## Directions
Make an exact copy, from the records below, of the lines from the line containing "Simply remove the" to the line containing "Tap and hold", both lines included, excluding pictures.

## Information provided
—————

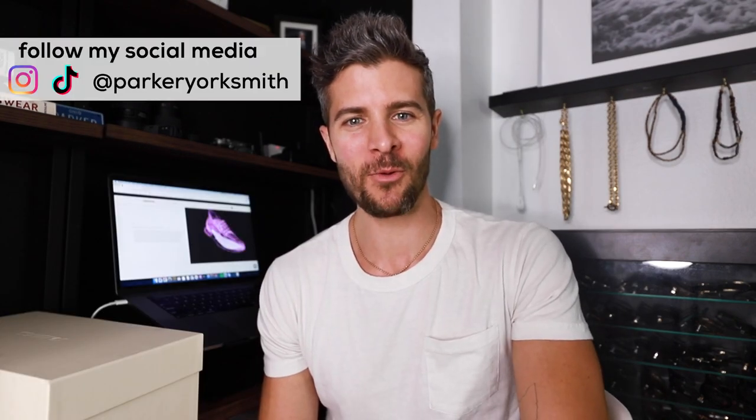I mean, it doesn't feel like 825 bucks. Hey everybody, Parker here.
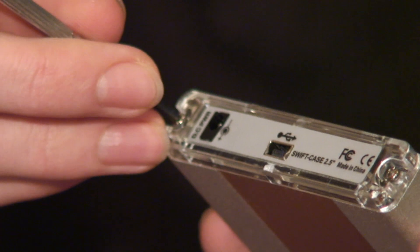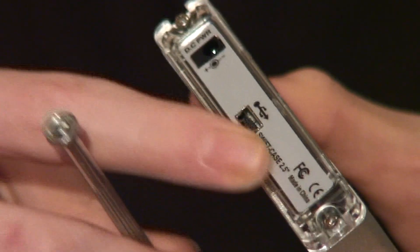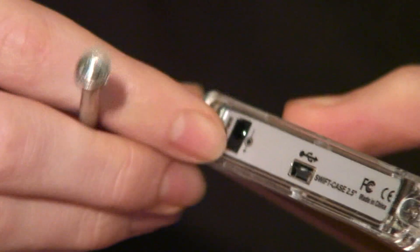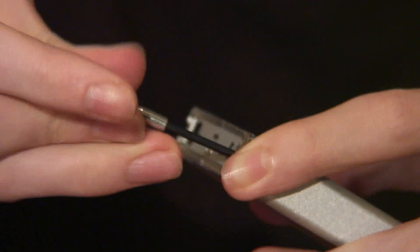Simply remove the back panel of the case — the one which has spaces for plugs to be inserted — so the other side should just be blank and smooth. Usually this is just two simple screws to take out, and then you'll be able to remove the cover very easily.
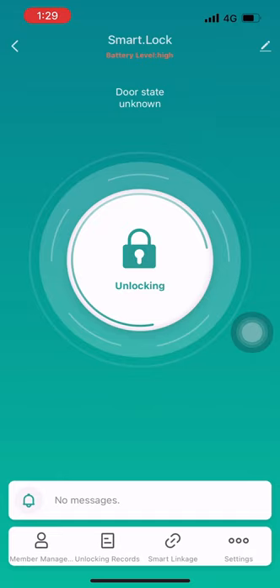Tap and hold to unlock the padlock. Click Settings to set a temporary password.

—————

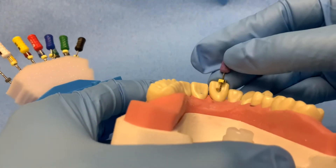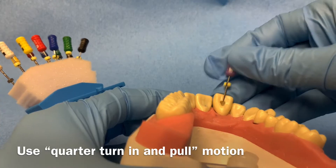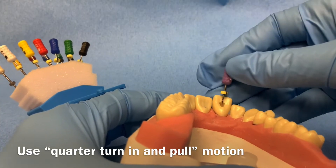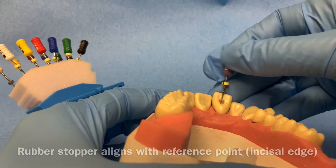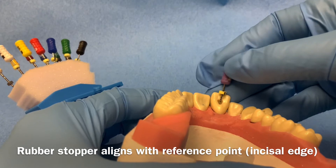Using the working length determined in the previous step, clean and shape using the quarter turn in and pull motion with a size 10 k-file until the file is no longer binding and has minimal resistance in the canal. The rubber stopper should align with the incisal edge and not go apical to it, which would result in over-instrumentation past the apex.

—————

## Solution to this task
Simply remove the back panel of the case — the one which has spaces for plugs to be inserted — so the other side should just be blank and smooth. Usually this is just two simple screws to take out, and then you'll be able to remove the cover very easily.
Tap and hold to unlock the padlock. Click Settings to set a temporary password.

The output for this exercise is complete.